Bull kicked at the gravel but kicked a chicken instead. Looked at Phil. I should have left you in the coop. He looked down at Tim.

“Don’t say anything, Squirt. Get a lawyer. In fact, call mine.” He grabbed a notebook and pen from Sgt. Pepper’s hand and scrawled out a name and number on the empty page.

He ripped it off the pad and tossed it at the boy on the ground. “The kid has counsel,” the ex-con said. He clicked his tongue at Cherry and turned on his boot heel. Five sets of eyes watched the paper swirl in the air and flutter toward the earth. By the time the men looked up, man and dog were peeling out of the parking lot in the old pick-up.

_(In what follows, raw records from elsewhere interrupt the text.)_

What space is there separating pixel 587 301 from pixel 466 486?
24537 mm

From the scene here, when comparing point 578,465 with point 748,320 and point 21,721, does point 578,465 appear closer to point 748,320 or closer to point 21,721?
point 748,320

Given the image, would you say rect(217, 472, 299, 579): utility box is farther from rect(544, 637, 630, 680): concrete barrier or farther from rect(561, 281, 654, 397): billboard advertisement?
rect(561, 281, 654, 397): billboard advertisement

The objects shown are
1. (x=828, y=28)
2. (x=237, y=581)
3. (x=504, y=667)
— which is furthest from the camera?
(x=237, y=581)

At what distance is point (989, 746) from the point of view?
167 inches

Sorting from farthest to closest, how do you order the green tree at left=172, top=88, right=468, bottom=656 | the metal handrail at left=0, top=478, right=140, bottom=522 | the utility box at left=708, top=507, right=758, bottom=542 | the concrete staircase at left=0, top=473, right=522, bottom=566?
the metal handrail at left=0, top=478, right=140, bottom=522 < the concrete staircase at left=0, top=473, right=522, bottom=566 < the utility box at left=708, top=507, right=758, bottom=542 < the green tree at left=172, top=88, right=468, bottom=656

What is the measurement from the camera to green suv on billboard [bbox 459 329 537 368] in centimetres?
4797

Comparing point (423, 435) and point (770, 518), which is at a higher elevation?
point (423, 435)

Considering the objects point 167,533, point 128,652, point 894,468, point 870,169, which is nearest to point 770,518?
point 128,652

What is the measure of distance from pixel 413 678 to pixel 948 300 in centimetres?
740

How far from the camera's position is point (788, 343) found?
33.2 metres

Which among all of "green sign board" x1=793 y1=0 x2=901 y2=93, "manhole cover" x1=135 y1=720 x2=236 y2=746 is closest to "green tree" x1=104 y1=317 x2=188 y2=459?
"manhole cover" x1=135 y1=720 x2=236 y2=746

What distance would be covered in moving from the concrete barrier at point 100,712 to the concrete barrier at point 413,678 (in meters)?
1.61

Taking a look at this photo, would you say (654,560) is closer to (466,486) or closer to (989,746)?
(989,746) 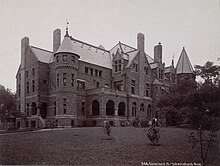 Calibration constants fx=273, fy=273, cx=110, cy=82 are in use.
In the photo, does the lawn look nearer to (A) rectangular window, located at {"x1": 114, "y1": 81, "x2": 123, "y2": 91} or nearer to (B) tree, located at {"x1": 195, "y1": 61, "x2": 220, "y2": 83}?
(B) tree, located at {"x1": 195, "y1": 61, "x2": 220, "y2": 83}

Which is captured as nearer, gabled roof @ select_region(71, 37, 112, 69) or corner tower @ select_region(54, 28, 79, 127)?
corner tower @ select_region(54, 28, 79, 127)

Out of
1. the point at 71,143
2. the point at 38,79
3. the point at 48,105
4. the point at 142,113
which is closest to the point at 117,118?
the point at 142,113

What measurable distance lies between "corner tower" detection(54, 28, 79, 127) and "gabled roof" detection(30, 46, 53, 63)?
2455 millimetres

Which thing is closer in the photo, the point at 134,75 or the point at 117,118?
the point at 117,118

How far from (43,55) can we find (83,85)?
5.14 m

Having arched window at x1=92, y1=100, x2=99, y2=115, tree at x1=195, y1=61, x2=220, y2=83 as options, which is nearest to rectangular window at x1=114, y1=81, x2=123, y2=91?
arched window at x1=92, y1=100, x2=99, y2=115

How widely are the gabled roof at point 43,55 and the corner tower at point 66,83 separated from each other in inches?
96.6

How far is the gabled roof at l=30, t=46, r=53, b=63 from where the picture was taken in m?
26.9

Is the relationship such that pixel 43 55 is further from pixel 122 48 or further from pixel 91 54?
pixel 122 48

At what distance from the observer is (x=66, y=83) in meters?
24.2

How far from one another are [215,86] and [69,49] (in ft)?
57.0

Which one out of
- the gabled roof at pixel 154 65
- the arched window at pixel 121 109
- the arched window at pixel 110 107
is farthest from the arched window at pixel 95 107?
the gabled roof at pixel 154 65

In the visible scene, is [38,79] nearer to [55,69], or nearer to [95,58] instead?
[55,69]

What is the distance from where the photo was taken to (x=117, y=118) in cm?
2581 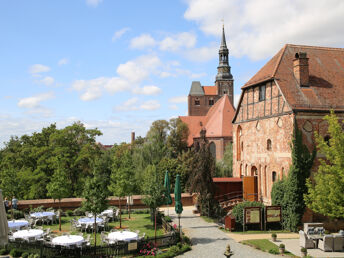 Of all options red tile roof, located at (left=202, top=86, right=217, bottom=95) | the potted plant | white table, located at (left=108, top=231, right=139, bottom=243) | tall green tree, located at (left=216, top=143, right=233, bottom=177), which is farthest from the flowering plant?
red tile roof, located at (left=202, top=86, right=217, bottom=95)

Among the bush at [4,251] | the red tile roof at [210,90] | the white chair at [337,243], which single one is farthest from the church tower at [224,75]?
the bush at [4,251]

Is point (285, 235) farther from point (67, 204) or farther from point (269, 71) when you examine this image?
point (67, 204)

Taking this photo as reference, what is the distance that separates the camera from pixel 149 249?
15750 millimetres

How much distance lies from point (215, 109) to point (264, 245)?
44.3 meters

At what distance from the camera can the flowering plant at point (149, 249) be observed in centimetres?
1532

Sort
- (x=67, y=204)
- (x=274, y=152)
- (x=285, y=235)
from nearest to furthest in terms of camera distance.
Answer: (x=285, y=235) → (x=274, y=152) → (x=67, y=204)

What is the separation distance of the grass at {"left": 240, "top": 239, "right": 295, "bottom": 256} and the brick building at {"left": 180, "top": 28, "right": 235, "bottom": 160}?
34988 millimetres

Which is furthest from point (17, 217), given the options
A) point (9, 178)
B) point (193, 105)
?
point (193, 105)

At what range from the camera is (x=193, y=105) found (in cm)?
9019

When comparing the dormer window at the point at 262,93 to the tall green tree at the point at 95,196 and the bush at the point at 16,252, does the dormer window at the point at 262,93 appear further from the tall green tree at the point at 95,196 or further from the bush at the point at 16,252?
the bush at the point at 16,252

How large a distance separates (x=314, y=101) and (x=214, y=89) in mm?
69454

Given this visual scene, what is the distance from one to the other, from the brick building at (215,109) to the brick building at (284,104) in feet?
81.1

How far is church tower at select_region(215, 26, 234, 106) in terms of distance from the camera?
83819mm

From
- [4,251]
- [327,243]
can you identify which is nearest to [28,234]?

Delia, Bull thought. Go home, moron. She’s not worth it. Go home. Or just go warn her and then go get chicken. He took a left on the main road toward town. He had some cash burning in his pocket. Go get a tv dinner. Hell, get a rotisserie chicken. She’s too young. But it’s been so long. He remembered the way her fingers brushed his arm, the way he got lost in those deep brown eyes when she told him, “You look good swinging a hammer, Cowboy.” Yep, I have to warn her how hot things are getting. He floored it and pushed that bucket of bolts to the limit. He thought back to their walk in the park. But she don’t like Cherry! He looked at his dog, head lolling out the window in the wind. Pure joy. He took his foot off the gas. Damn it, she don’t like Cherry, I know it! No one gets between Cherry and me. The bar then. Get some fried chicken at the Hen House and maybe one of them pretty barmaids too. But those brown eyes…lead straight to Walla Walla, buddy. Or worse. She’s using you. He punched the stereo on. Meatloaf, 1993. The last good album. He caught that tour at the Tacoma Dome with Stacy Fledermaus and Becky Hölle. He about went through the roof from the jolt it gave him. Stacy, I screwed it up so bad with you. And Becky, wow, where are you now? He turned the volume all the way up. And now Delia crossed my path. Just right there. Cherry, such a good girl, she led me right to Delia. Redemption! His heart swelled. That’s lust, not love. Just breathe, just breathe, just breathe! Lotsa women out there. Move on. Go take a cold shower. Get some food in the belly. Throw the frisbee with Cherry. Cherry, my one true love. He looked at the tattoo on his arm. Love. “I ought a get a back piece of you next old girl,” he reached over and tousled Cherry’s fur. The way you swing a hammer. He came into town. He could go right. Home. Or he could go left and warn Delia. Get Delia. Run off with her to the coast. Or the San Juans. Those eyes. A man could get lost in those eyes. Those heels. “Damn, girl,” he said to Cherry. “I think she’s the one!” He turned left.